If the 19 home runs Williams has surrendered this season—as a sinker-baller—doesn't get your attention, then perhaps his 0-6 record and 7.35 ERA since mid-June should.
With other arms supplying the flexible options as middle relief, long relief and spot starter—like Garrett Richards, Kevin Jepsen, Michael Kohn and Dane De La Rosa—while the team continues to search for answers to solidify the bullpen, Williams becomes expendable.
I don't see the Angels jumping at an opportunity to get him back next season, with another year of arbitration eligibility looming.
Update: Via LA Times' Mike DiGiovanna, Andrew Romine is joining the team in New York to provide infield depth. That news makes what I had to say below much more relevant.
Predicting that Tommy Field won't be back next season may seem like a no-brainer—like a lazy pick from the Angels' bench, that I happened to stumble upon for the sake of filler.
However, I also think moves like releasing Tommy Field should make Angels fans realize what disappointments—besides pitching—there have been in 2013.
Field has been the last man standing in a line of players that the Angels wanted to use as role players within the infield this year.
Nothing more. Nothing less.
The line started with Andrew Romine (no rhyme intended). He was to be the original backup infielder coming out of spring training, following a very impressive March. There were even times when I didn't mind Erick Aybar playing in the WBC, as I gained a respect for Romine's ability with the bat and glove.
But all that was short-lived, as Romine struggled to consistently hit major league pitching during the regular season. Following his reassignment, the opportunity went to Luis Jimenez and Brandon Harris, finally landing on Field.
Field hasn't had the at-bats or games played for me to sit back and unleash a bunch of stats at you.
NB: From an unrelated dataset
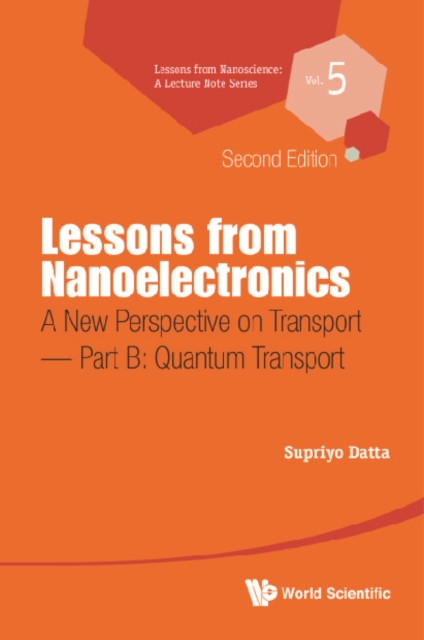Lessons From Nanoelectronics: A New Perspective On Transport (Second Edition) - Part B: Quantum Transport
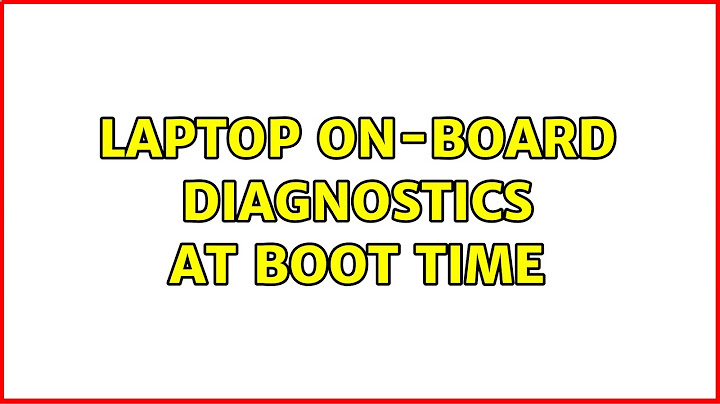 Laptop On-board Diagnostics at Boot Time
He has been the odd platoon player, on an odd team, during a very odd season.
Take note, Andrew Romine.
Kendrick’s recent injury probably scared the entire Angels organization, causing them to all realize how quickly a valuable trade chip can turn into nothing more than a name on the DL.
Hopefully they learned their lesson.
Originally rumored to be available at the July trade deadline, Kendrick would be the best negotiating option for the Angels to acquire pitching in the offseason. He is versatile in the lineup, providing power and average, and his leadership would be a wanted necessity for team on the market for second baseman.
Because of Kendrick's All-Star-caliber value, his services would match up as a return product for some of the MLB-ready arms that will be available in the winter. Other than trading Jason Vargas—which would have to happen during the waiver period—Kendrick is the only other enticing chip...unless there is real interest in an unproven player like Peter Bourjos or maybe J.B. Shuck.
However, I don't see that interest coming to fruition.
Mind you, Kendrick’s future is a similar gamble to Torii Hunter in 2012. There has to be a real confidence from the Angels that the next best option is an actual option. Otherwise, it's another waste of resources for the sake of unknowns and saving cash.
So, Grant Green will have to really impress people these last two months for the Kendrick situation to take flight. And Kendrick will have to come back from the 15-day DL with relative ease.
If that happens—and I'm betting it will—then Howie goes in the offseason.